*** Opening of Supplied material ***
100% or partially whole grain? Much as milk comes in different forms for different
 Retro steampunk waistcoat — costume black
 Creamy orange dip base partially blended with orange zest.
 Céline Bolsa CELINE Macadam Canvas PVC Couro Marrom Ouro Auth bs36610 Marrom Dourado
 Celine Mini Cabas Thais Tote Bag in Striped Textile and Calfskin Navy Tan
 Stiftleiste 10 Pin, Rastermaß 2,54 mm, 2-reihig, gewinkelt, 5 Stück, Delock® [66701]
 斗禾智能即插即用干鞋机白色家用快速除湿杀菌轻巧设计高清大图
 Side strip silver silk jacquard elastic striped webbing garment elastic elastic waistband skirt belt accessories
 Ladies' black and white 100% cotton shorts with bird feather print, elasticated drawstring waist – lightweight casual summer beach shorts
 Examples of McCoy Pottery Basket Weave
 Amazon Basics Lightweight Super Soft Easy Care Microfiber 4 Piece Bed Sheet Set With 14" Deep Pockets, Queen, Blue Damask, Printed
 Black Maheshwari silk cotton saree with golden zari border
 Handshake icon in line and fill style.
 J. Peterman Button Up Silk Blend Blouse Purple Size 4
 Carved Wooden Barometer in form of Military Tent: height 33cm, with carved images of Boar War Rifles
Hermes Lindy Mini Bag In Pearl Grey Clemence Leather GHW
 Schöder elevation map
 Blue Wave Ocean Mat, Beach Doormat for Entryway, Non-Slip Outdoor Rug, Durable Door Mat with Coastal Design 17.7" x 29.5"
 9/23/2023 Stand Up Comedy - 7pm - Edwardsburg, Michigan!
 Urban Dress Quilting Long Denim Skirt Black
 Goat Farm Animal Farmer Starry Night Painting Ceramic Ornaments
*** Close of Supplied material ***
◆ Work instructions
The answer must be the complete set of entries, retyped exactly.

◆ Answer to this problem
100% or partially whole grain? Much as milk comes in different forms for different
 Retro steampunk waistcoat — costume black
 Creamy orange dip base partially blended with orange zest.
 Céline Bolsa CELINE Macadam Canvas PVC Couro Marrom Ouro Auth bs36610 Marrom Dourado
 Celine Mini Cabas Thais Tote Bag in Striped Textile and Calfskin Navy Tan
 Stiftleiste 10 Pin, Rastermaß 2,54 mm, 2-reihig, gewinkelt, 5 Stück, Delock® [66701]
 斗禾智能即插即用干鞋机白色家用快速除湿杀菌轻巧设计高清大图
 Side strip silver silk jacquard elastic striped webbing garment elastic elastic waistband skirt belt accessories
 Ladies' black and white 100% cotton shorts with bird feather print, elasticated drawstring waist – lightweight casual summer beach shorts
 Examples of McCoy Pottery Basket Weave
 Amazon Basics Lightweight Super Soft Easy Care Microfiber 4 Piece Bed Sheet Set With 14" Deep Pockets, Queen, Blue Damask, Printed
 Black Maheshwari silk cotton saree with golden zari border
 Handshake icon in line and fill style.
 J. Peterman Button Up Silk Blend Blouse Purple Size 4
 Carved Wooden Barometer in form of Military Tent: height 33cm, with carved images of Boar War Rifles
Hermes Lindy Mini Bag In Pearl Grey Clemence Leather GHW
 Schöder elevation map
 Blue Wave Ocean Mat, Beach Doormat for Entryway, Non-Slip Outdoor Rug, Durable Door Mat with Coastal Design 17.7" x 29.5"
 9/23/2023 Stand Up Comedy - 7pm - Edwardsburg, Michigan!
 Urban Dress Quilting Long Denim Skirt Black
 Goat Farm Animal Farmer Starry Night Painting Ceramic Ornaments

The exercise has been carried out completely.